Bitcoin Bears Dominate Futures Market as Selling Pressure Hits Three-Month High
The Bitcoin derivatives market has become increasingly dominated by bearish traders as it has continued to move in favor of them, with short traders gaining more profits against long traders.
Amid prolonged crypto market volatility, selling pressure has climbed to its highest level in three months as funding rates increasingly dive deep into negative territory.
Bitcoin funding rate remains extremely negative
According to data provided by the Onchain analytics platform, Bitcoin is seen hovering between $62,000 and $68,000, pushing its funding rates to remain firmly negative, reflecting persistent downside sentiment.

This suggests that bears have dominated the Bitcoin futures market since July 2025, with aggressive sell orders outweighing buy activities across the market.
With Bitcoin’s current price, the asset has declined massively from the previous local bottom it achieved near the $80,000 level, where funding rates were largely positive, indicating stronger long positioning at the time.
Nonetheless, the massive switch in market sentiment has significantly changed the market structure, with bearish conviction increasingly overpowering bullish attempts despite the brief recovery signs.
Further charts showcased by the platform reveals that the futures market has operated under elevated leverage for about 16 months.

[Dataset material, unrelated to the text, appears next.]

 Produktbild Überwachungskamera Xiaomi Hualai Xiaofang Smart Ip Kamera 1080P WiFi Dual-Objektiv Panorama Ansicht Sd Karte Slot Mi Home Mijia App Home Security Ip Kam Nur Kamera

Nonetheless, since Bitcoin’s last all-time high, excessive leverage has been steadily unwinding.
As such, the recent wave of price declines has forced liquidations and capitulation among overleveraged traders, contributing to what analysts describe as a “leverage reset.”
Bitcoin OI recovers 1.48%
Amid the broad awakening of bearish traders, Bitcoin OI has continued to decline over the past few months.
However, the crypto market is seeing broad resurgence, which has extended to the derivatives market, with Bitcoin open interest showing a mild increase of 1.48% over the last 24 hours.
Bitcoin traders on CME showed some of the greatest interest as the asset’s open interest on the exchange surged by 6.61% over the period.